October 26, 2008 - 0:0

Samsung Electronics posted a 44 percent drop in third-quarter net profit Friday as the global slowdown hurt its businesses, but operating profit beat estimates as semiconductors showed some resilience.

Still, the future looks challenging for the world’s top maker of memory chips and liquid crystal displays, or LCDs, which is facing a lengthy downturn in the once-reliable memory market and a rapid margin deterioration in the flat-screen sector, along with slowing demand for all consumer electronics.

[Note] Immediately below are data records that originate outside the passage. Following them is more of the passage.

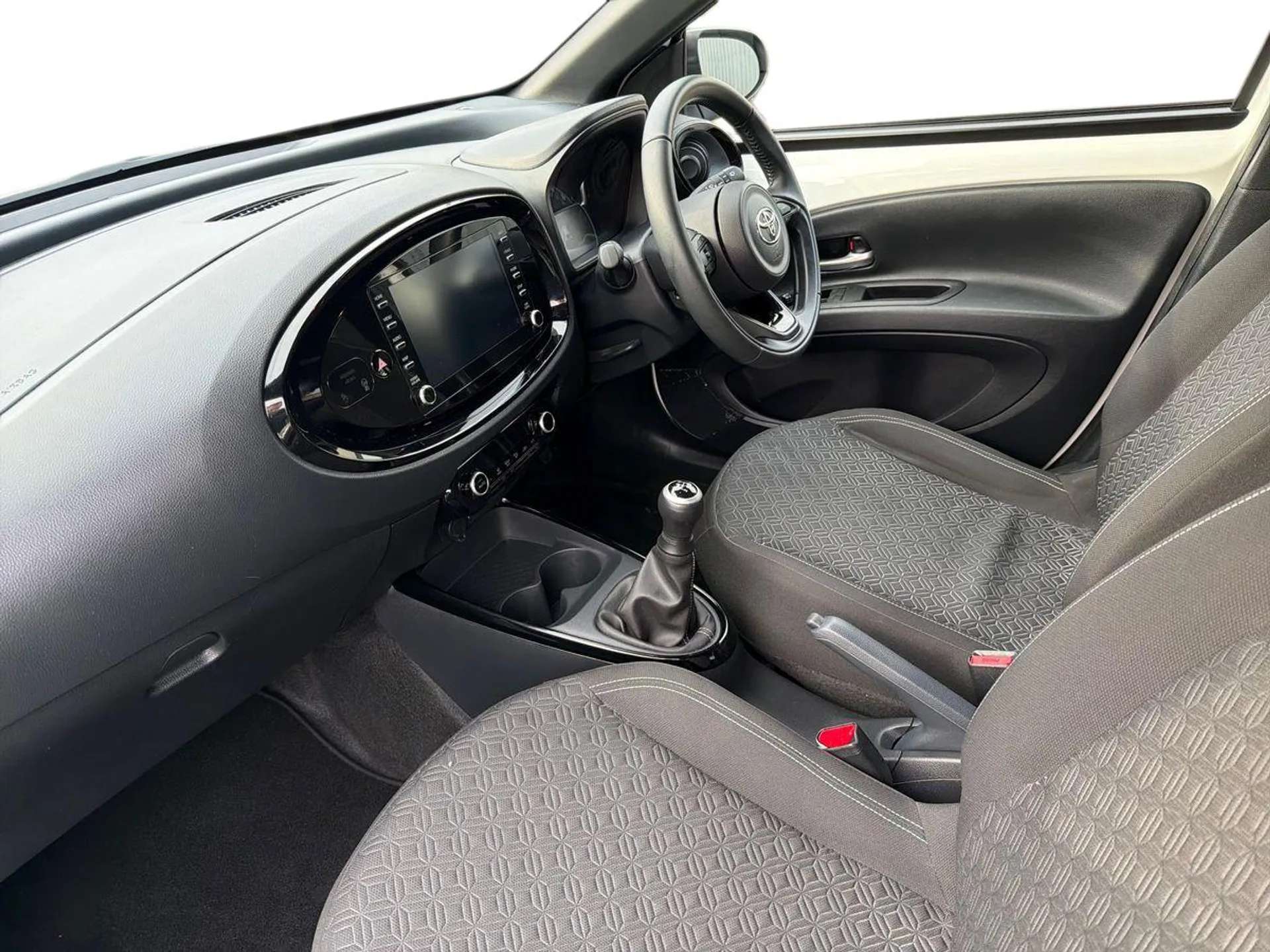 A 2023 TOYOTA AYGO X 1.0 VVT-i Edge 5dr A 2023 TOYOTA AYGO X 1.0 VVT-i Edge 5dr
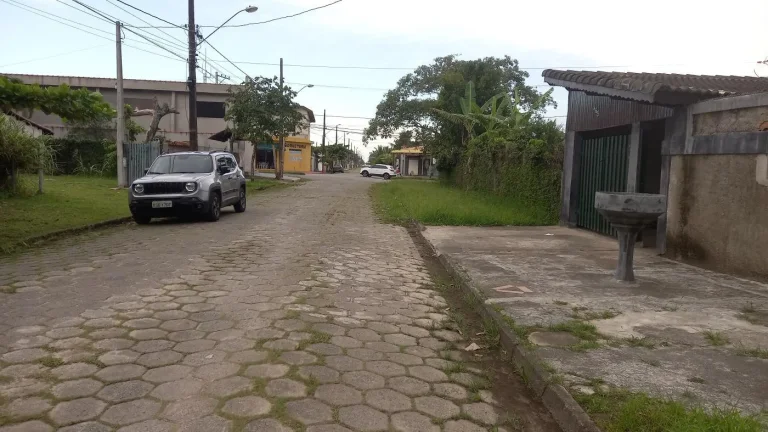 Imagem Casa para Venda em Itanhaém, Jardim Regina, 3 dormitórios, 1 suíte, 2 banheiros, 4 vagas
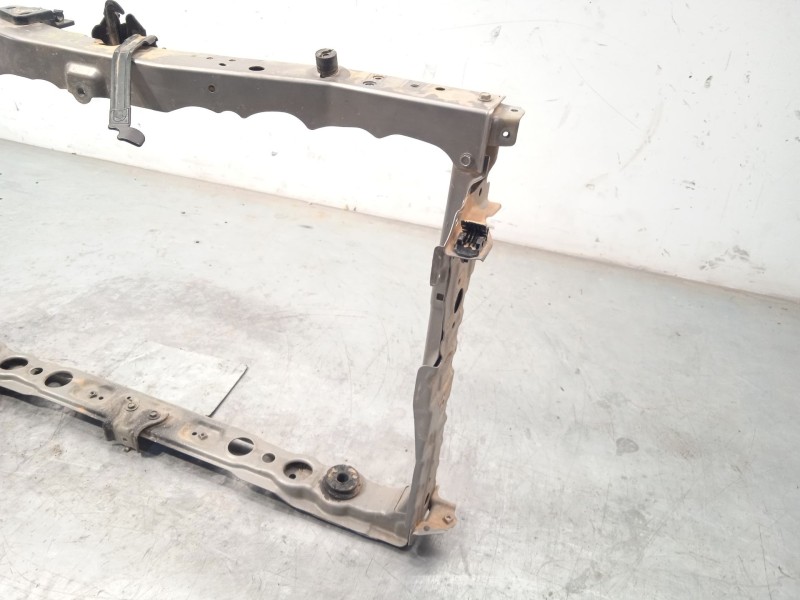 Recambio de panel frontal para toyota auris (_e18_) 1.8 hybrid (zwe186_) referencia OEM IAM 5320102904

“The market environment in the third quarter proved challenging amid rising costs and a downturn in the global economy,” Chu Woo Sik, Samsung’s senior executive in charge of investor relations, said in a statement.

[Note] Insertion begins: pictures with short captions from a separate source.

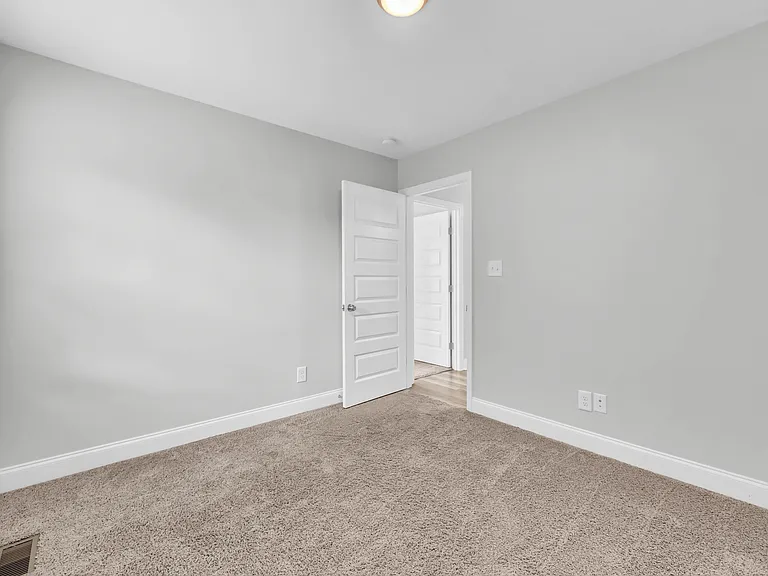 438 Mattingly Dr — Photo 26
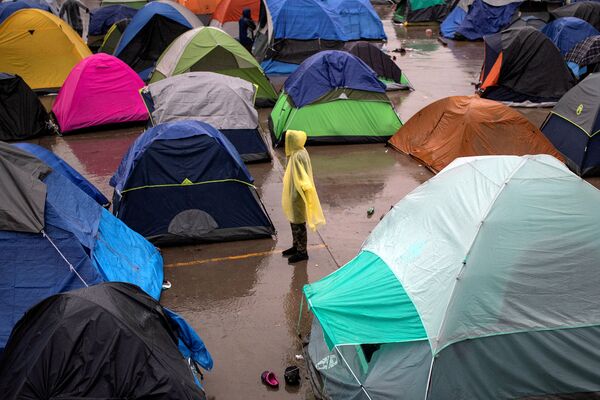 Палаточный лагерь мигрантов в Тихуане, Мексика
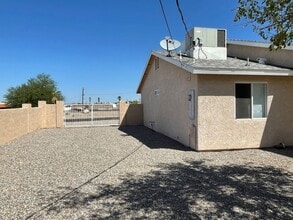 3610 Breakwater Dr in Lake Havasu City, AZ - Building Photo - Building Photo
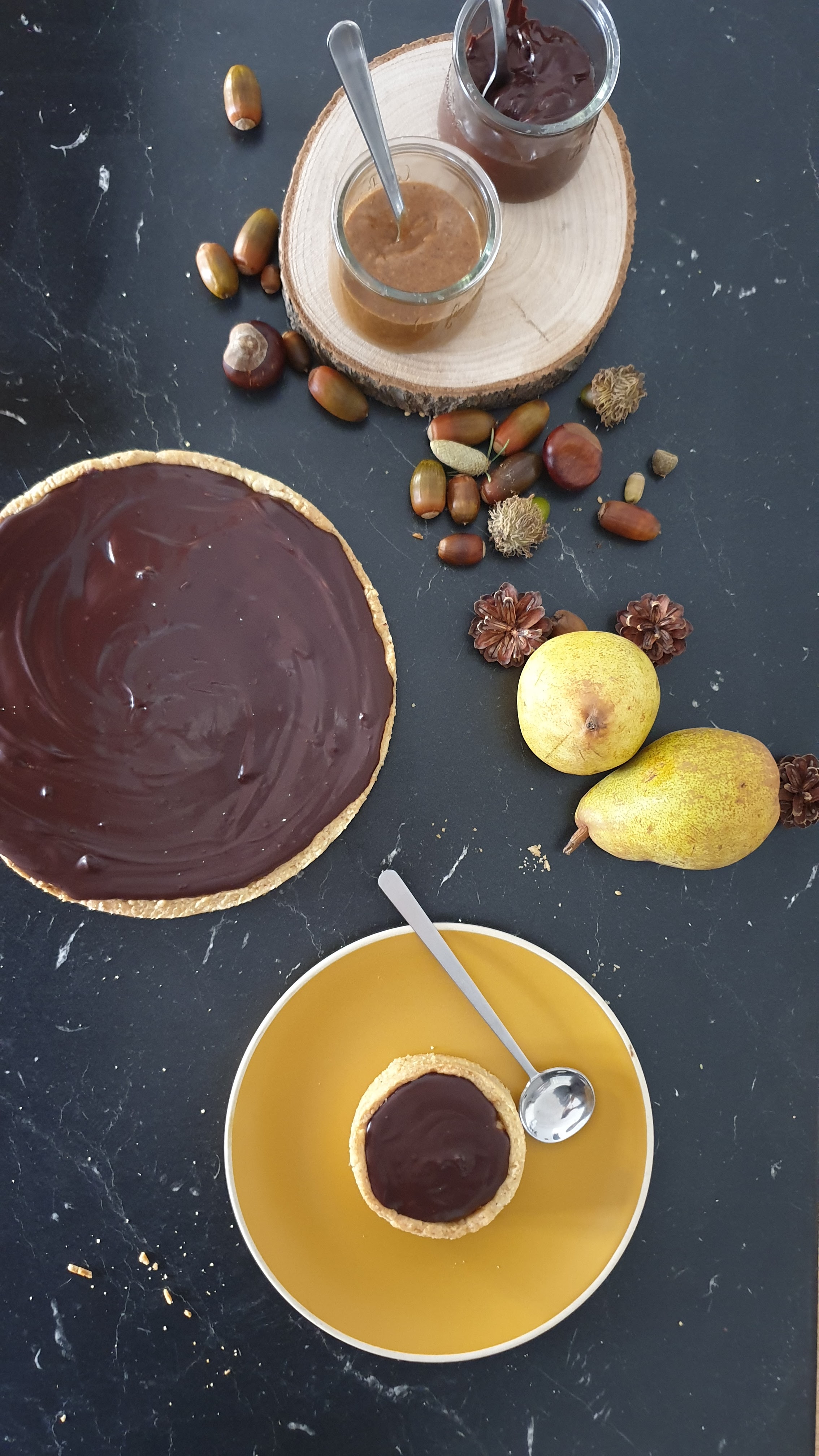 Photo d'illustration de la recette de Tarte poire chocolat praliné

“We foresee the coming months to be an even more challenging period.”
Shares in Samsung, South Korea’s biggest company worth about $48 billion, fell 4.23 percent to 452,500 won in morning trade, in line with the wider market’s 4 percent drop. The stock had fallen 13.8 percent in the third quarter, also in line with the Kospi’s 13.5 percent loss.
Samsung’s July-September net profit fell to 1.22 trillion won, or $870.5 million, from 2.19 trillion won a year ago and 2.14 trillion won earned in April-June.
The figure came right in line with a forecast for a 1.23 trillion won net profit by 11 analysts polled by Reuters.
Operating profit for the third quarter fell to 1.02 trillion won, widely beating expectations for 823.5 billion won. The figure still represented a steep drop from 2.07 trillion won a year ago and the second-quarter profit of 1.89 trillion won.
Revenue rose to 19.26 trillion won from 16.68 trillion won a year ago and 18.14 trillion the previous quarter.
Operating margins at Samsung’s semiconductor unit fell to 5 percent compared to 6 percent in the second quarter and 18 percent a year ago as the price of most computer memory chips has fallen below cash costs. But the figure was better than analysts’ prediction for a low single digit or break-even profit margin.
Makers of memory chips, mired in a downturn that started in early 2007, are not expecting a recovery before the second quarter of 2009.
Samsung’s display division margins fell to 8 percent from the second quarter’s 21 percent amid a rapid deterioration of the market due to oversupply.
Samsung, second only to Nokia in the cellphone market, sold 51.8 million mobile phones, up sharply from 45.7 million in the April-June quarter.
Mobile margins dropped to a smaller-than-expected 7 percent from 13 percent in the second quarter.